First, take the monotonic function y=x^3 and uniformly randomly sample this over the interval [-1,1]. Add sinusoidal noise to create a dataset. You can change the number of random samples if you want to experiment.
numSamples = 512;
rng(0);
xTrain = -2*rand(numSamples,1)+1; % [-1 1]
xTrain = sort(xTrain);
tTrain = xTrain.^3 + 0.05*sin(10*xTrain);
Visualize the data.
figure;
plot(xTrain,tTrain,"k.")
grid on
xlabel("x")
To prepare the data for custom training loops, add the input and response to a minibatchqueue. You can do this by creating arrayDatastore objects and combining these into a single datastore using the combine function. Form the minibatchqueue with this combined datastore object.
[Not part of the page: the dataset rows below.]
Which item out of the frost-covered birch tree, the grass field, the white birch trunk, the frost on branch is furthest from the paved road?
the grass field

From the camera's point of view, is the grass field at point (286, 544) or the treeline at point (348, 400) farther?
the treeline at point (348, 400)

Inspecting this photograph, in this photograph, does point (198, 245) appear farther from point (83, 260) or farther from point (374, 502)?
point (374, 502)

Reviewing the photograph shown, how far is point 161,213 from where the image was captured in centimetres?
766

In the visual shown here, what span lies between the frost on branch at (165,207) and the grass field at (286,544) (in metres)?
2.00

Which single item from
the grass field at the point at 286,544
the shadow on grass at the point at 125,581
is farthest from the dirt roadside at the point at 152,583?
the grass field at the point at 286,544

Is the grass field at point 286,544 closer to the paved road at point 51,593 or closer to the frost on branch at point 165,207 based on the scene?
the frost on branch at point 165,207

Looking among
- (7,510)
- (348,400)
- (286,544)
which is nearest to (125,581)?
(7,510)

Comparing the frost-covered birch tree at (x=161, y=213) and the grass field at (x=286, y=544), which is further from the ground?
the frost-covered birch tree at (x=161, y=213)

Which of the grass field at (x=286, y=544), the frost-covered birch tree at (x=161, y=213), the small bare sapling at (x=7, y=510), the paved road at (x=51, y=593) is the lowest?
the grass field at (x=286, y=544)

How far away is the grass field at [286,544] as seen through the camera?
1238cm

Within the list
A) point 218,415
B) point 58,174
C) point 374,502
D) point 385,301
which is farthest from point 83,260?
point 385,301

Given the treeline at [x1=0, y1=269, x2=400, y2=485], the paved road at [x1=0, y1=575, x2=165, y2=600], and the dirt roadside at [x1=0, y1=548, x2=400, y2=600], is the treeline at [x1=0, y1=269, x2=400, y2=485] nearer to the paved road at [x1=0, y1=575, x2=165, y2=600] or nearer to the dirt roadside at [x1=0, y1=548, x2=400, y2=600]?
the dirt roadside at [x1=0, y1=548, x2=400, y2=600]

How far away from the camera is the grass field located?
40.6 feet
xds = arrayDatastore(xTrain);
tds = arrayDatastore(tTrain);
cds = combine(xds,tds);
mbqTrain = minibatchqueue(cds,2,...
"MiniBatchSize",numSamples,...
"OutputAsDlarray",[1 1],...
"MiniBatchFormat",["BC","BC"]);
As discussed in AI Verification: Lipschitz, Lipschitz continuous neural networks adhere to a specific class of neural network architectures with constraints applied to weights. In this proof of concept example, build a simple LNN using fully connected layers and fullsort activations. More expressive Lipschitz continuous networks can be constructed using gradient norm preserving activation functions, such as fullsort. For more information on the architectural construction, see AI Verification: Lipschitz.
inputSize = 1;
numHiddenUnits = [32 16 8 1];
lnnet = buildConstrainedNetwork("lipschitz",inputSize,numHiddenUnits,...
Activation="fullsort")
lnnet =
dlnetwork with properties:
Layers: [9x1 nnet.cnn.layer.Layer]
Connections: [8x2 table]
Learnables: [8x3 table]
State: [0x3 table]
InputNames: {'input'}
OutputNames: {'fc_4'}
Initialized: 1
View summary with summary.
You can view the network architecture in deepNetworkDesigner by setting the viewNetworkDND flag to true. Otherwise, plot the network graph.
viewNetworkDND = false;
if viewNetworkDND
deepNetworkDesigner(lnnet) %#ok<UNRCH>
else
figure;
plot(lnnet)
end
First, create a custom training options struct. For the trainLipschitzNetwork function, you can specify general network training hyperparameters: maxEpochs, initialLearnRate, decay, and lossMetric. You can also specify Lipschitz continuous specific hyperparameter options, UpperBoundLipschitzConstant and pNorm. Select the pNorm=2 which gives Euclidean distance as the measure on the input and network output variations. Specify an UpperBoundLipschitzConstant=2 to provides a robustness guarantee on the spikiness of the solution.
maxEpochs = 800;
initialLearnRate = 0.5;
decay = 0.5;
lossMetric = "mse";
% Lipschitz continuous training options
upperBoundLipschitzConstant = 2;
pNorm = 2;
Train the network with these options.
trained_lnnet = trainConstrainedNetwork("lipschitz",lnnet,mbqTrain,...
MaxEpochs=maxEpochs,...
InitialLearnRate=initialLearnRate,...
Decay=decay,...
LossMetric=lossMetric,...
UpperBoundLipschitzConstant=upperBoundLipschitzConstant,...
pNorm=pNorm);
As the training proceeds, there is a trade-off between the gradient descent and the constraint on the weights. This can lead to training plots that converge more slowly, with regions of increased loss as the constraint on weights outweighs the reduction in loss made by the gradient descent step. This can lead to constrained network generally requiring more epochs to converge, and more carefully tuned hyperparameter selection.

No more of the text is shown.